Smashing science at the AMC’s new Underwater Collision Research Facility.

Research | Partners

Banner image: Drop weight impact chamber.

Crash testing cars is generally simple and pretty inexpensive…but underwater vehicles– with massive price tags and complex engineering –need a different approach.

A world-first facility that will be used to simulate for underwater vehicles what crash testing does for cars has opened at the University of Tasmania’s Australian Maritime College (AMC).

The Underwater Collision Research Facility (UCRF) is a joint development between Defence Science and Technology (DST) and the AMC, which will be used to simulate the collision of underwater vehicles under laboratory-controlled conditions.

At the centre of the UCRF is a large, drop-weight impact test machine that will smash custom designed and floodable scale models of vessel components and sections.

Facility manager and AMC project lead Roberto Ojeda said the UCRF would allow researchers to study the complex fluid-structure interactions at play in underwater collisions in controlled laboratory conditions.

The presence of water changes everything. And when you’re dealing with underwater vehicles, the water isn’t just around the vessel, it’s within it, which means, under impact, these structures behave very differently to structures colliding in dry environments.

Facility manager and AMC project lead Roberto Ojeda.

“Understanding how structures respond to these events allows us to better assess risks and to mitigate them through design.”

DST lead collaborator, Bernard Phelps, added that in order for the technical risks involved in underwater collisions to be properly quantified, the assessment methods used must be validated to prove their suitability for use in such circumstances.

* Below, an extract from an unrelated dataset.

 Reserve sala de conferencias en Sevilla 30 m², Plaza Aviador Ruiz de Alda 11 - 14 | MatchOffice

The UCRF is a unique facility that will enable the essential empirical results, that are needed to provide this validation.

The UCRF could also play a role in:

  • Collision and design assessment of autonomous underwater vehicles (AUV’s) including those substantially constructed of composites
  • Shock qualification tests for equipment used on naval platforms
  • Support to offshore industry, such as in relation to pipelines and offshore structures subjected to impacts.

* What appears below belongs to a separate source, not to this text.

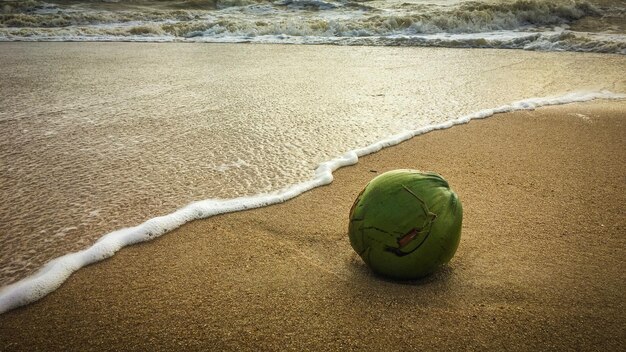 Zdjęcie wysoki kąt widoku piłki na plaży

The UCRF will be a centrepiece of the University of Tasmania’s Maritime Defence Innovation and Design Precinct (MDIDP), which will be developed at the AMC’s Newnham campus.

University of Tasmania Vice-Chancellor Professor Rufus Black said the facility added to an existing suite of maritime research facilities which are the most advanced in the Southern Hemisphere.

“We are committed to making a technical contribution to the development of Australia’s sovereign naval ship building program commensurate with our role as the national maritime institution,” Professor Black said.

The opening of this new facility builds on the historic strengths of the University and the AMC and illustrates the impact – literally and figuratively – Tasmanian science and engineering can have on meeting national challenges.

University of Tasmania Vice-Chancellor Professor Rufus Black.

Australian Maritime College Principal Michael van Balen AO said the UCRF would advance AMC’s aim for the MDIDP to become an integral part of the national Defence Network.

“The UCRF will add innovative research knowhow to the work already done at our unique research facilities to advance defence and defence industry requirements,” Mr van Balen said.

“The research will enable Defence to operate ships and submarines in the most operationally safe and effective manner.”